WHAT YOU SHOULD DO: Exclude images; transcribe the rest of the data exactly.

-*-*-

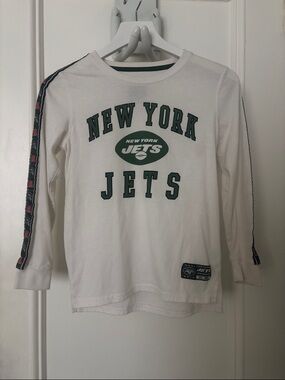 NFL New York Jets White Long Sleeve Tee with Green Logo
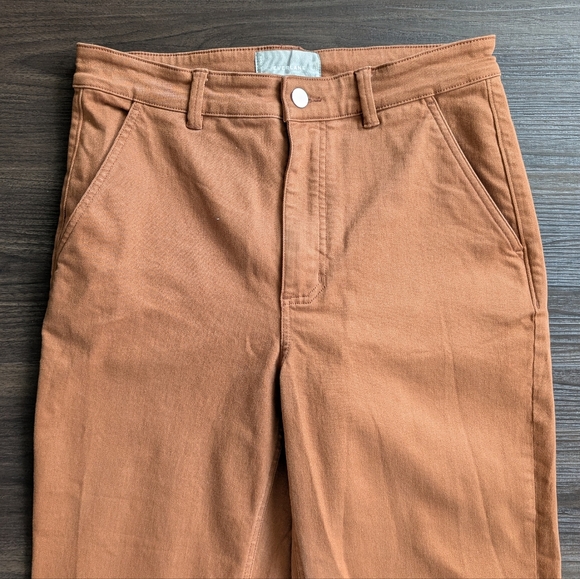 Everlane Straight Leg Crop Utility Pants Burnt Orange Cognac Size 10 - Picture 3 of 7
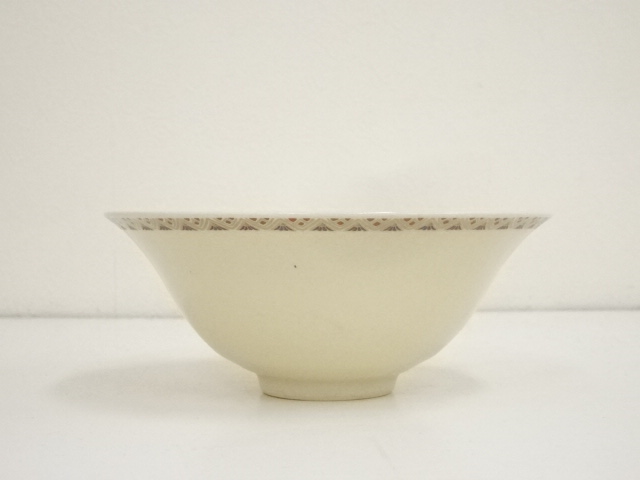 1874 高麗焼黄章洙作花三鳥暦手文茶碗時代物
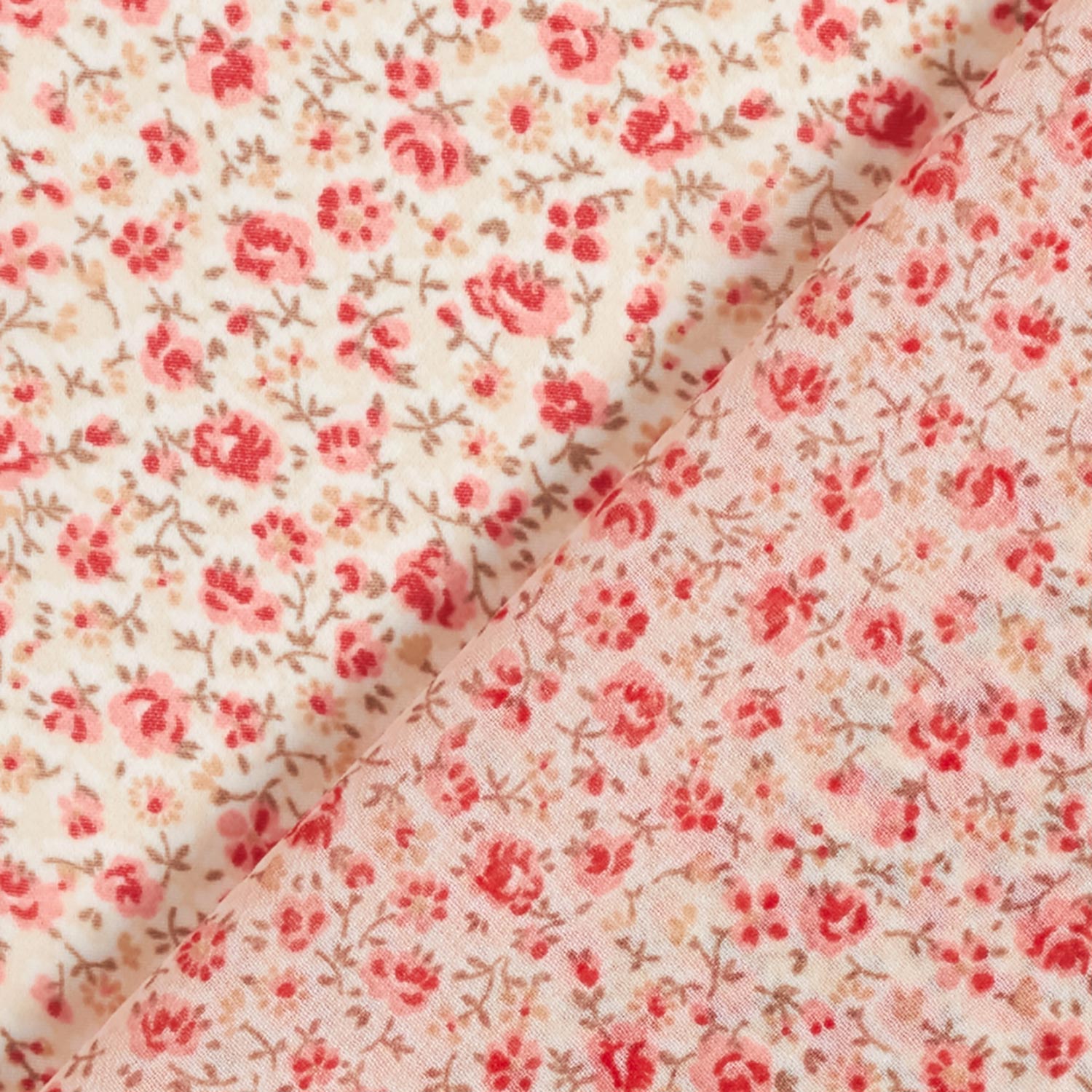Chiffon Mille-fleurs – écru/rouge feu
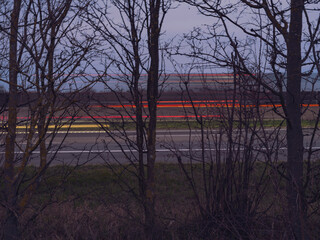 highway traffic in the evening 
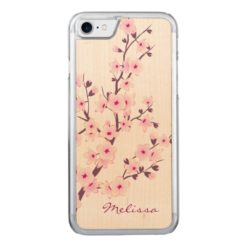 Pretty Cherry Blossoms Carved iPhone 7 Case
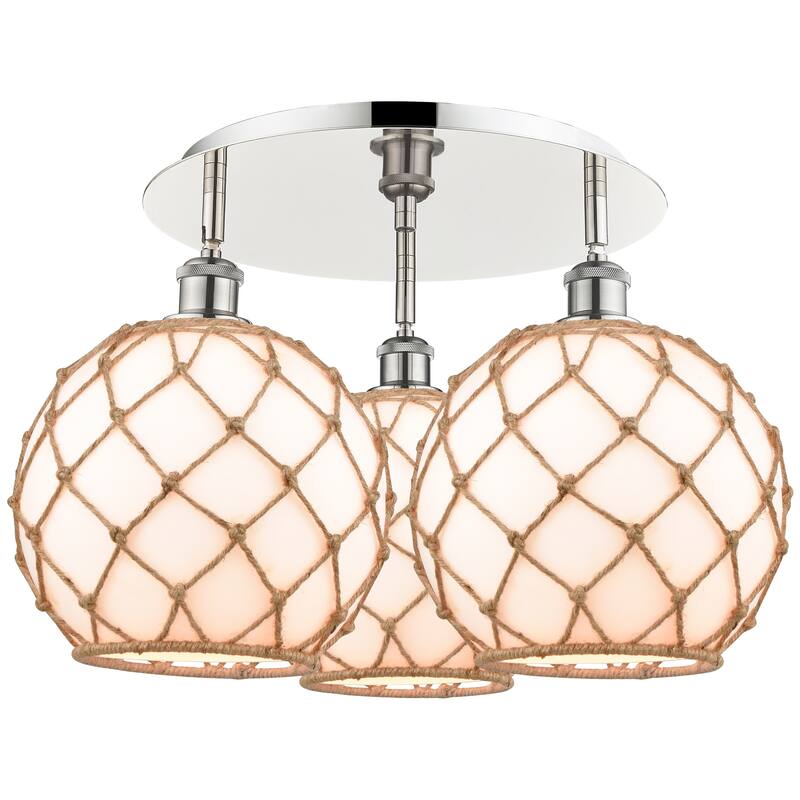 Innovations Lighting Endless Possibilities Ballston - Farmhouse Rope - 3 Light 22" Flush Mount - White Glass with Brown Rope/Polished Nickel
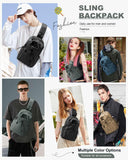 SEAFEW Small Green Sling Crossbody Backpack Shoulder Bag for Men Women - Mini One Strap Sling Bag Fanny Pack Daypack, Waterproof Nylon Chest Bag for Motorcycle Hiking Travel Gym Sport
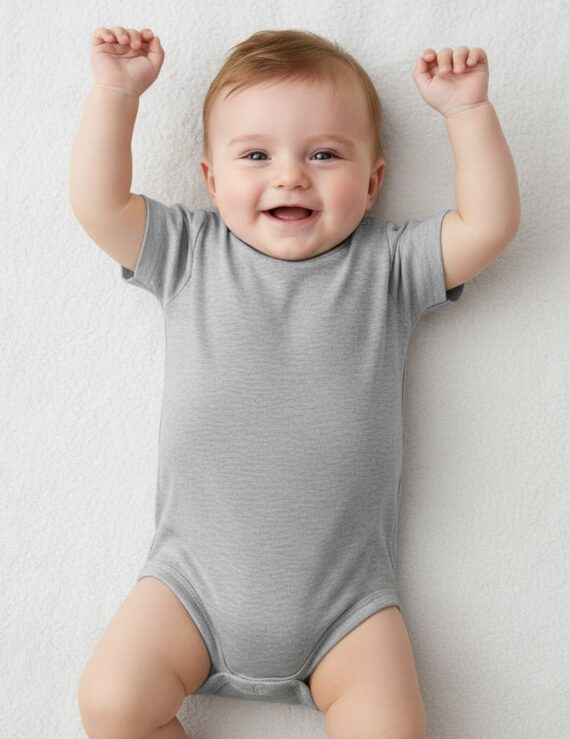 Grauer Baby Kurzarm Body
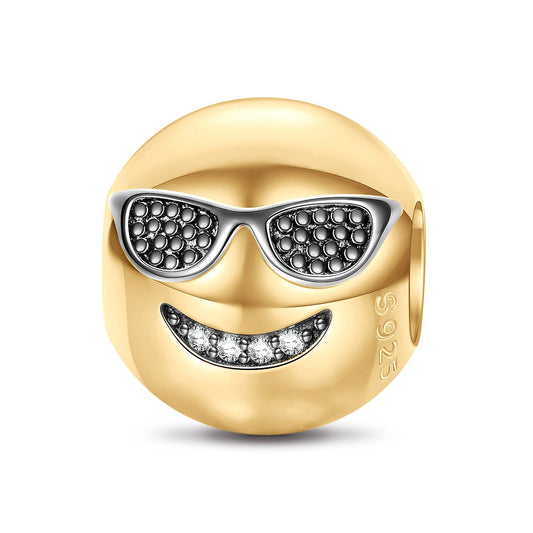 gon- Sterling Silver Smiling With Sunglasses Emoji Charms With Enamel In 14K Gold Plated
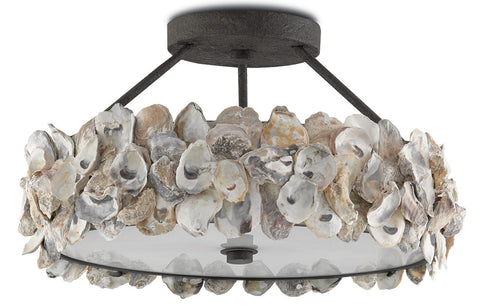 Accent Oyster Coastal Drum Semi Flush Mount Ceiling Light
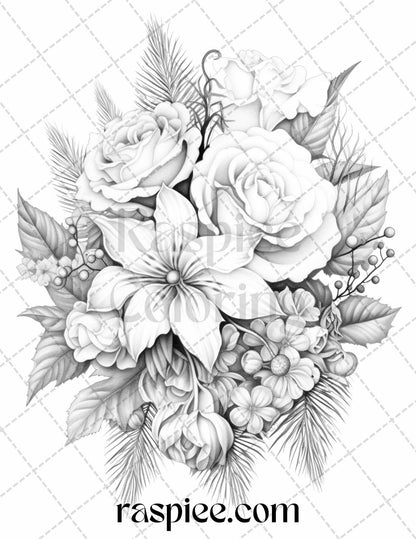 45 Christmas Flowers Grayscale Coloring Pages Printable for Adults, PDF File Instant Download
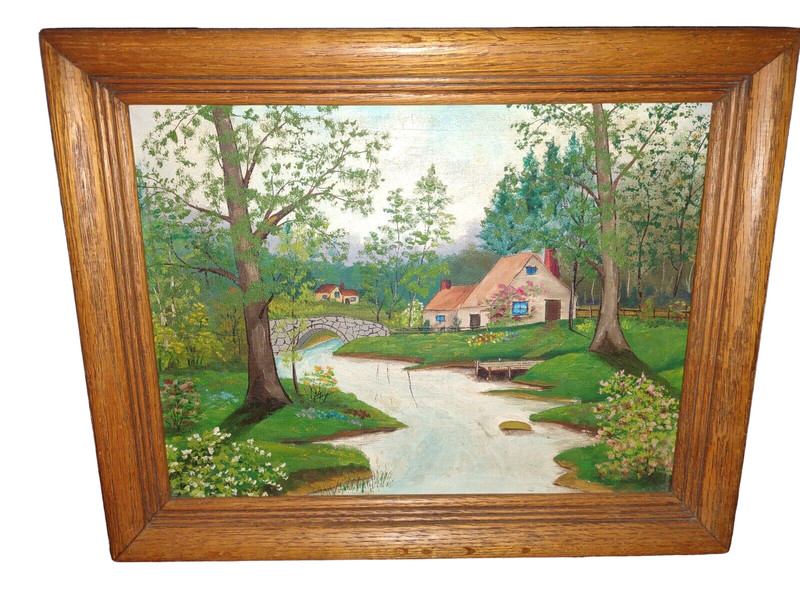 Oil Painting of Cottage and Bridge McDaniel 1958 Grand Rapids Michigan 14″x11″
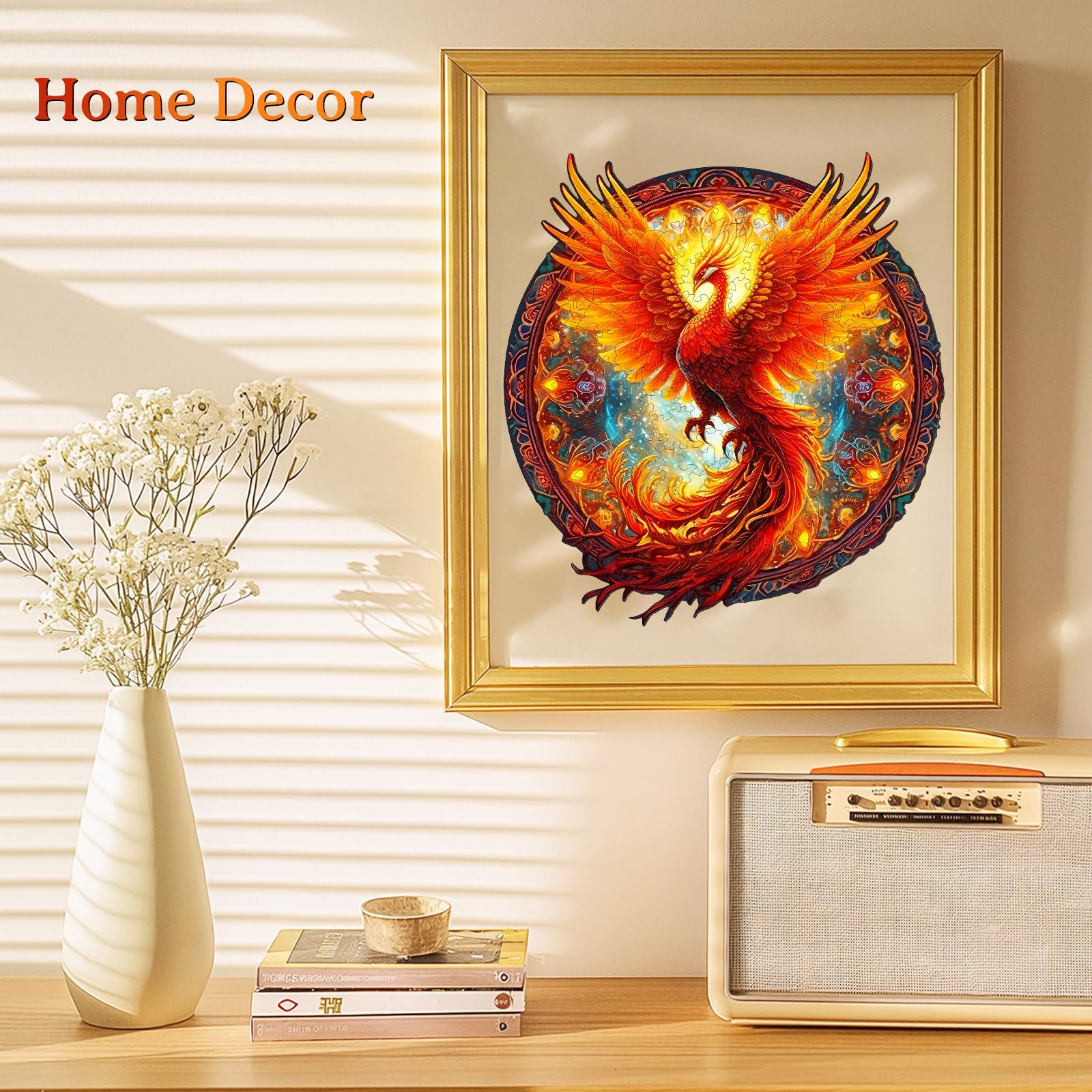 KAAYEE Wooden Jigsaw Puzzles-Wooden Puzzle for Adult Unique Shape Advanced Phoenix Wood Puzzle Adults, Fathers Mother Gifts Christmas Family Puzzles 8.5 * 7.9in 100pcs - Image 3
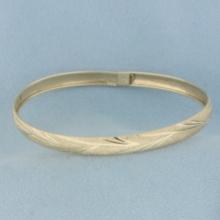 Sandblast Finish Leaf Design Bangle Bracelet In 10k Yellow Gold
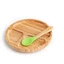 Bamboo plate and spoon set, Green, Oaki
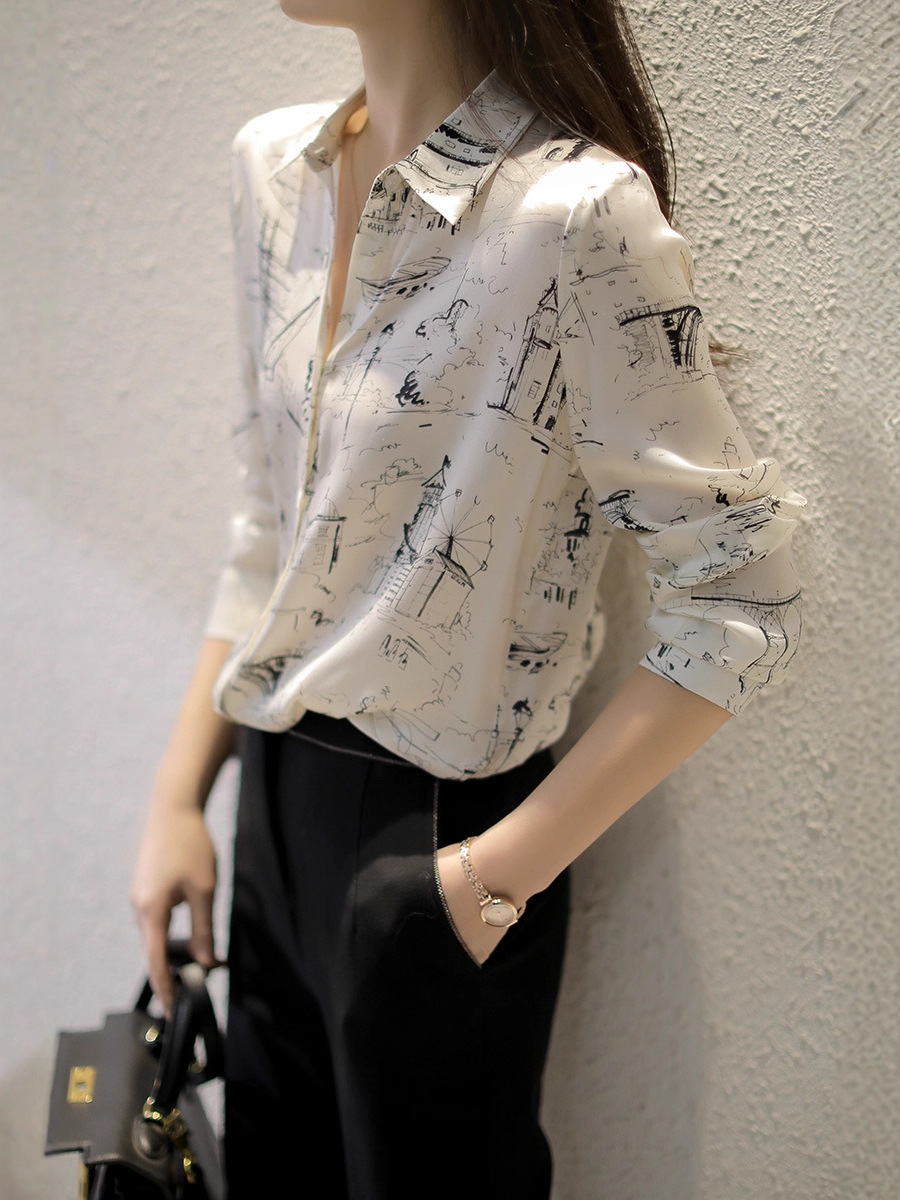 Áo sơ mi nữ dài tay chất satin twill họa tiết sketch phong cách Pháp — trắng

-*-*-

RESPONSE AREA:
 NFL New York Jets White Long Sleeve Tee with Green Logo
 Everlane Straight Leg Crop Utility Pants Burnt Orange Cognac Size 10 - Picture 3 of 7
 1874 高麗焼黄章洙作花三鳥暦手文茶碗時代物
Chiffon Mille-fleurs – écru/rouge feu
 highway traffic in the evening 
 Pretty Cherry Blossoms Carved iPhone 7 Case
 Innovations Lighting Endless Possibilities Ballston - Farmhouse Rope - 3 Light 22" Flush Mount - White Glass with Brown Rope/Polished Nickel
 SEAFEW Small Green Sling Crossbody Backpack Shoulder Bag for Men Women - Mini One Strap Sling Bag Fanny Pack Daypack, Waterproof Nylon Chest Bag for Motorcycle Hiking Travel Gym Sport
 Grauer Baby Kurzarm Body
 gon- Sterling Silver Smiling With Sunglasses Emoji Charms With Enamel In 14K Gold Plated
 Accent Oyster Coastal Drum Semi Flush Mount Ceiling Light
 45 Christmas Flowers Grayscale Coloring Pages Printable for Adults, PDF File Instant Download
 Oil Painting of Cottage and Bridge McDaniel 1958 Grand Rapids Michigan 14″x11″
 KAAYEE Wooden Jigsaw Puzzles-Wooden Puzzle for Adult Unique Shape Advanced Phoenix Wood Puzzle Adults, Fathers Mother Gifts Christmas Family Puzzles 8.5 * 7.9in 100pcs - Image 3
 Sandblast Finish Leaf Design Bangle Bracelet In 10k Yellow Gold
 Bamboo plate and spoon set, Green, Oaki
 Áo sơ mi nữ dài tay chất satin twill họa tiết sketch phong cách Pháp — trắng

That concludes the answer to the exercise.